▸ **STORED DATA**:

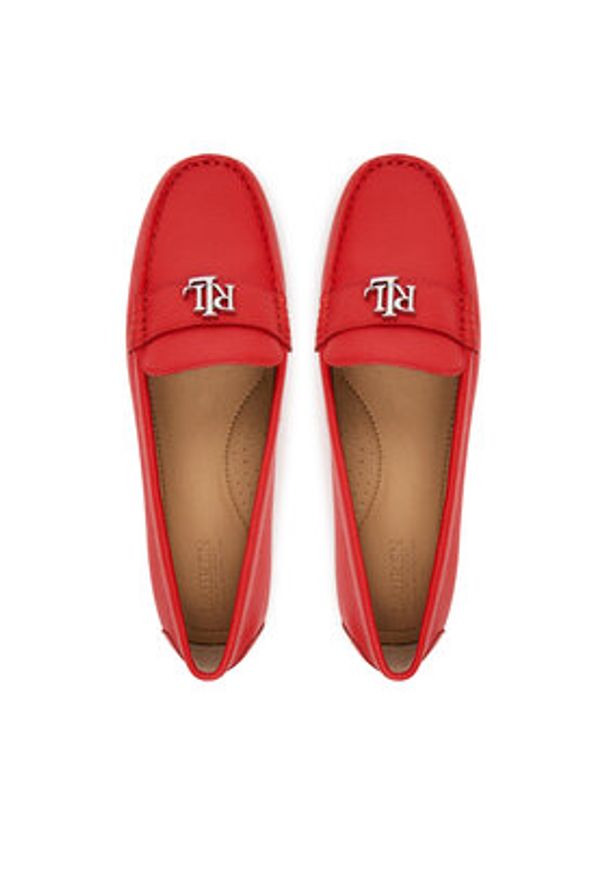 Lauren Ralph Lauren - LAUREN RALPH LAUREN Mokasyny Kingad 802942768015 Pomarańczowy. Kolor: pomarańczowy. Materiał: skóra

...

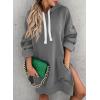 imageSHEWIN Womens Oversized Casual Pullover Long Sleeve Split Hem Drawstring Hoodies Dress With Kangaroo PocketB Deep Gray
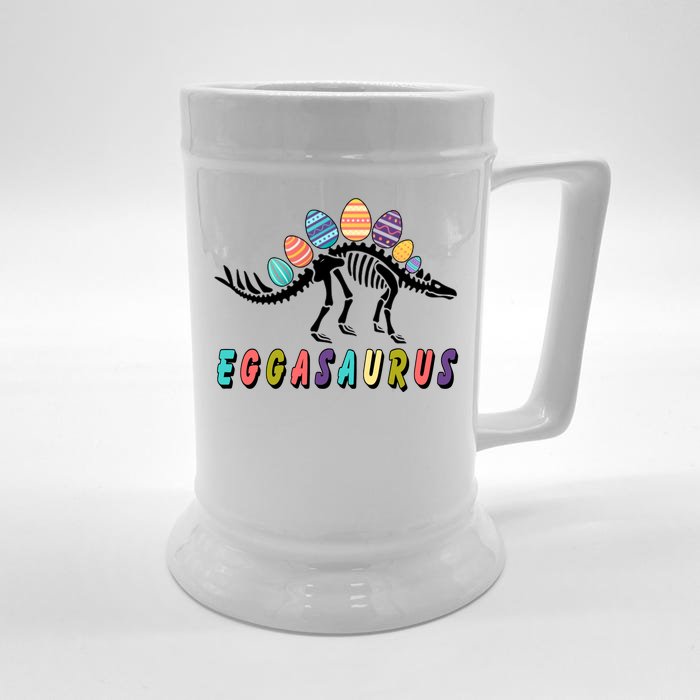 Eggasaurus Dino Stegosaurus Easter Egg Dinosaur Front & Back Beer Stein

▸ **TASK TO COMPLETE**:
Repeat exactly the stretch of the listing above that starts with the line holding "imageSHEWIN Womens Oversized" and finishes with the line holding "Eggasaurus Dino Stegosaurus", both included. Skip every picture.

▸ **ANSWER FOR THE TASK**:
 imageSHEWIN Womens Oversized Casual Pullover Long Sleeve Split Hem Drawstring Hoodies Dress With Kangaroo PocketB Deep Gray
 Eggasaurus Dino Stegosaurus Easter Egg Dinosaur Front & Back Beer Stein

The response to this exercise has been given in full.